Meghan dressed island casual for a visit with Harry to Fraser Island, located off Australia’s eastern Queensland Coast.
Meghan chose a sleeveless linen dress by U.S. brand Reformation, which focuses on making its clothes from sustainable fabrics. Meghan’s “pineapple dress” retails for $218 and is already sold out on the company’s website.
Meghan paired the dress with a pair of $245 sandals by celebrity-favorite footwear designer Sarah Flint.
Anzac Memorial Hyde Park
Meghan chose a black dress by designer Emilia Wickstead for the opening of the Anzac Memorial in Sydney’s Hyde Park, to honor Australians who have been killed in conflict.
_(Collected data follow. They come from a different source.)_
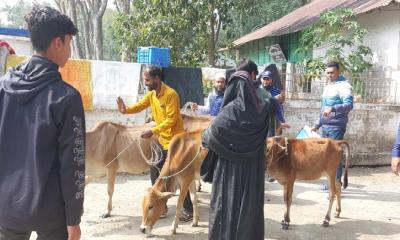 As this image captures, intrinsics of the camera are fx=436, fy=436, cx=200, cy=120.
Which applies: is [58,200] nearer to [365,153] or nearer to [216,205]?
[216,205]

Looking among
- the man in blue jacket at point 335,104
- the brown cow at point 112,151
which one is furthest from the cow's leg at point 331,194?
the brown cow at point 112,151

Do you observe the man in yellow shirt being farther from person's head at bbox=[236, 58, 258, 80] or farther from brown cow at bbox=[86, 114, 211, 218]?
person's head at bbox=[236, 58, 258, 80]

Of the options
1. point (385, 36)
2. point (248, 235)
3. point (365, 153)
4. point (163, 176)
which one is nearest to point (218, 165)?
point (248, 235)

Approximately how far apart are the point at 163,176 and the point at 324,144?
223 cm

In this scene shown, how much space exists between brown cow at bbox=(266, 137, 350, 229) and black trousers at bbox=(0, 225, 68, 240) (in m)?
3.44

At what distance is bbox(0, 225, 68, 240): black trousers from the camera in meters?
2.21

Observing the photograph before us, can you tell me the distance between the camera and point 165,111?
17.1 ft

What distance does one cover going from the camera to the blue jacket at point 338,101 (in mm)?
6164

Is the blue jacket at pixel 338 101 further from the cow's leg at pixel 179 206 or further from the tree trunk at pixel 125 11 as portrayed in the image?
the tree trunk at pixel 125 11

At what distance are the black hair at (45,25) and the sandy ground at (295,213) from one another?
3242 millimetres

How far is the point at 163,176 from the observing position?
496 cm

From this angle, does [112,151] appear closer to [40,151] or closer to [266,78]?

She paired the dress with a hat by Philip Treacy, a favorite milliner of the royal family.
2018 Invictus Games
Meghan accessorized her official Invictus Games shirt with a white blazer and black jeans as she and Harry attended the first events of the 2018 Games in Sydney.
For the Opening Ceremony of the 2018 Invictus Games at Sydney Opera House, Meghan wore a dress by Stella McCartney, who also designed the gown Meghan wore to her evening wedding reception.
Meghan chose a much more causal look, appropriately, when she and Harry went boarded a boat to watch a sailing event.
She paired black pants and an official Invictus Games windbreaker with a pair of trendy sneakers by French footwear brand Veja.
Meghan went casual in a Martin Grant maxi dress for a visit to Sydney’s iconic Bondi Beach with Prince Harry.
The duchess accessorized her dress with wedge shoes but took them off to walk in the sand on the beach.
In choosing the $1,420 dress by Grant, Meghan continued her tradition of dressing in Australian designers during her visit Down Under.
Later in the day, Meghan changed into a pleated two-tone crepe midi dress by Roksanda for a visit to a girls’ school.
The Roksanda “Athena” dress retails for $1,850 on Net-a-Porter.
Meghan continued her tour of diplomatic fashion when she and Prince Harry visited Melbourne.
Meghan wore a navy Dion Lee dress and Martin Grant trench coat, both made by Australian designers.
Dion Lee’s folded sail dress was instantly besieged with online requests, causing the company’s website to crash. The dress, which was a custom-made bespoke dress for Meghan, will reportedly become available later this week.
Later in the day, Meghan changed into a Club Monaco dress and Rothy’s flats, which she also wore earlier this week, for a visit to South Melbourne Beach.
Duchess Meghan showed how friends support friends by wearing a blazer from her pal Serena Williams’ fashion line on the second day of the royal tour Down Under.
The blazer is aptly named “Boss” and is from Williams’ royal line of her Serena Williams Collection. It retails for $145 and has already sold out.
Williams is a longtime friend of Markle’s who attended her wedding to Prince Harry last May. Williams and her husband, Alexis Ohanian, also joined Meghan and Harry at a charity polo match in the U.K. in July.
Meghan paired the blazer with a white button down shirt and black jeans by Outland Denim, an Australian company.
A portion of the sales from the Outland jeans, which are ethically sourced, go toward stopping human trafficking in Cambodia.
Meghan’s necklace was made by Australian designer Natalie Martin.
She completed with look with a pair of black ankle boots by U.S. retailer J. Crew that sell for $178.
On the first day of the tour, Meghan chose to honor her late mother-in-law, Princess Diana, by wearing a pair of butterfly earrings and a bracelet that belonged to Diana, who died in 1997.
Meghan chose an Australian designer, Karen Gee, for her first dress of the tour, the “Blessed Dress” that retails for around $1,200. The designer’s website crashed just moments after Meghan was first spotted in the white dress, which Meghan paired with a chic trench coat.
Meghan also proved practical in her fashion choices, opting to swap her heels for a pair of Rothy’s flats when she and Harry caught a ferry to the Sydney Opera House.
Later in the day, Meghan changed into a $1,895 olive green shirt dress by designer Brandon Maxwell for a welcome reception hosted by Australia’s governor general.